Monday, March 8, 2021

All of Creation

Bear with me. As I am increasingly involved in my children's education, I keep wanting to share with others what I am learning, thinking, and resources as applicable - this is a post that encompasses all 3.  If the internet is where we are all getting information, then I want to be a source that points us to Jesus and points us to Truth.

Every week, I keep coming back to our culture's desperate need to think outside boxes and ideologies (as in, they need it, not that they pursue it as a general rule). As Christians', we have a responsibility to compare EVERYTHING we hear or read to Scripture. We all so quickly accept a Tweet as fact or a headline as Truth.  If it sounds good, we believe it.  [Our class also just read Nathaniel Hawthorne's "The Celestial Railroad", a sequel if you will, to "The Pilgrim's Progress."  Mr. Smooth-It-Away was the perfect caricature to the "person" our culture listens to today. The convictions of taking the easy way was profound by the end.]  We idolize people (which 2019-2020 has dealt heavy blows to on both sides) instead of first thinking  "do I agree with what they are saying?" or following their ideas to their logical conclusions. 

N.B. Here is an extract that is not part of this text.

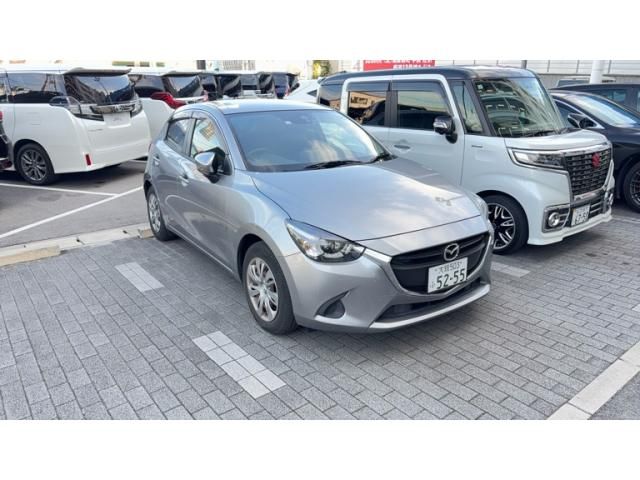 MAZDA DEMIO 2015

"Defeating Darwinism" has a lot of places I would have written it differently. I am mostly linking it to the book beside it here, but also wishing to point out that you don't have to agree with an entire book (or person or idea) to glean something from it. The parts that I have enjoyed the most about it is the logical reasoning (which is in select places) in which our class can dissect with our logical syllogisms and propositional arguments (thank you, Introductory and Intermediate Logic), and its comparison of worldviews.  "Defeating Darwinism" challenged us to think.  (Johnson has other books that give more scientific explanations, so look those up if you want more facts.)

As I have recently rearranged my books, I came across "Creation Regained", which has complemented it so well in giving an excellent definition on worldview (see 2nd and 3rd slides). It also gives a strong foundation for a Christian worldview of creation from a Biblical perspective. So for anyone in the church wondering why Christians still believe in creation, this would be a great read.  Or for any fellow homeschoolers!  ;)  I am attaching some excerpts for your encouragement.

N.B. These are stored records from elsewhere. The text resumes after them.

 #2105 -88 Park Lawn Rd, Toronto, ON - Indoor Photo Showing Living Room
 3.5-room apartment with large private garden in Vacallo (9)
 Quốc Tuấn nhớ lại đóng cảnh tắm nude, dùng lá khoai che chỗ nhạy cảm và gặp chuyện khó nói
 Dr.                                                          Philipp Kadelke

Wednesday, February 6, 2019

Spring Fever



The last couple of days in North Carolina have been warm, sunny, and gorgeous!  We are having a hard time committing to finishing our daily school and chores, and the neighbors are having a blast outside!  The walkie-talkies are going strong, kids are running everywhere, birds are stretching their wings, and the crickets and frogs are back as if it is summer-time.  It feels like spring, but the weathermen promise us winter will be back by the weekend.  While my list of responsibilities is long, I have made myself go outside and soak in some Vitamin D.  It gives new life, new joy, and a new perspective.  It helps us breathe.

How often we do not realize what we need until God provides it?  We have had so much rain and so many cloudy days lately, when God provided the sun, we have raced outside to soak in its rays.  How much like life is this?  We trudge on in life, its burdens weighing us down, not realizing how much we need the Son of God, and to soak in His life, His righteousness, His grace.  So often, we forget to soak in His Word, stop and listen to His Spirit, or sit and pray for His life to be poured into us.  

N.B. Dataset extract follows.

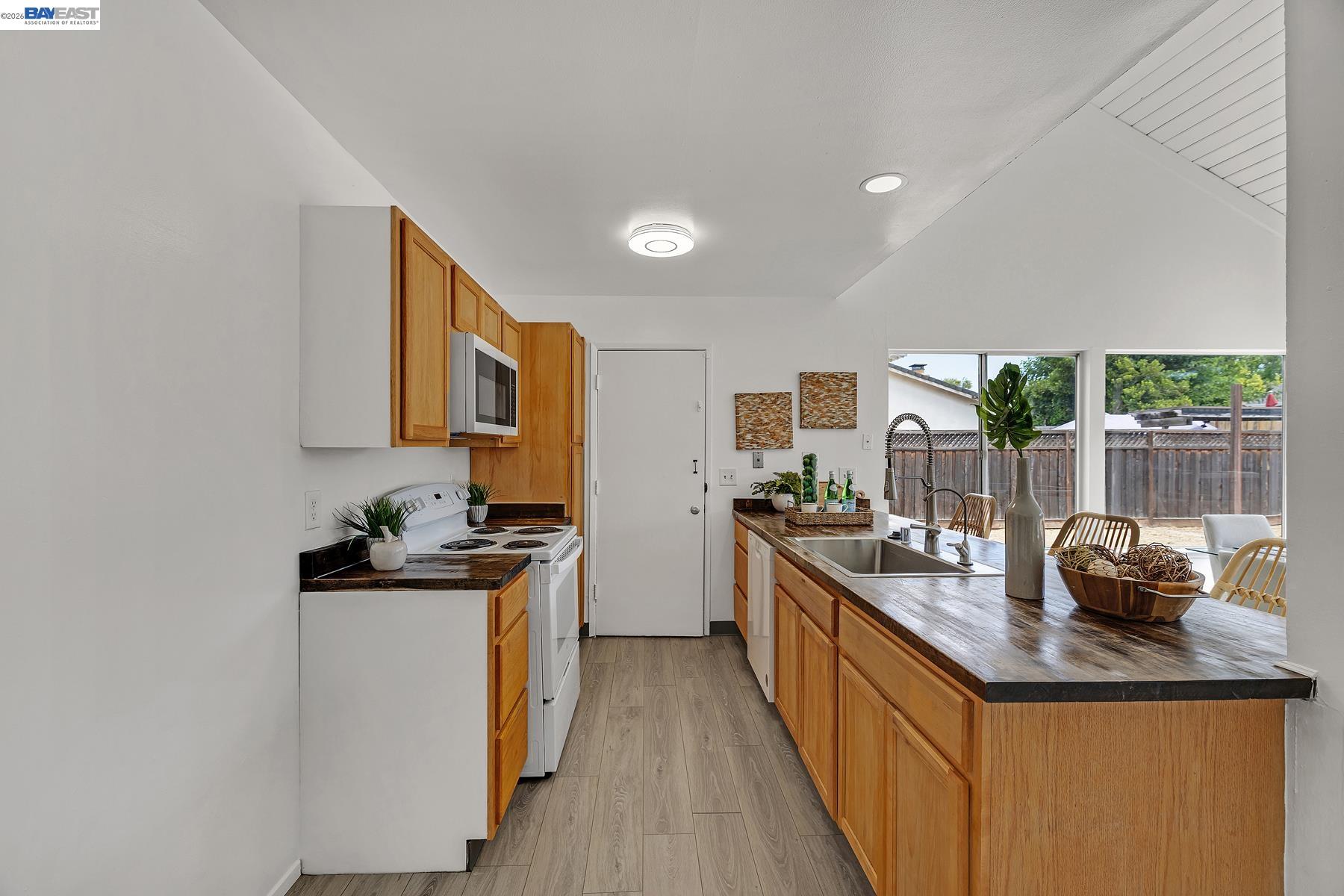 1427 Saybrook Road Livermore, CA 94551 - Photo 8 of 30 Gallery Image 8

Despite my best attempts, I have not been able to blog as much as I would enjoy.  Finding time to sit and breathe has been my biggest challenge.  I am looking forward to spring, homeschooling slowing down, and having a little more time to sit and soak in the sun....in the meantime, I will continue to carve out moments to write, even if it is something small, like today.  

Thursday, January 17, 2019

The Daily Fulfillment of His Purpose

It is interesting how God works.  It seems as I make new words for 2019, He reveals even more clearly how He will fulfill those words. 

My prayer list is full of heartbreaking prayers for broken bodies, broken people, and broken hearts.  Some hit close to home in recent weeks, and some I just see friends suffering in life.  I am helpless to fix any of it, but I know the One who can.  As my prayer time increases, God gives me eyes to see more people to pray for.

As I struggle daily with keeping up with what needs to be done, I write:


Reminding myself, when I am disciplined - whether it is doing Bible study and prayer in the morning, doing my tasks instead of putting them off and getting increasingly overwhelmed, discipline in eating gives margin for those cheat days - I create margin for all the many things I want to have time for. 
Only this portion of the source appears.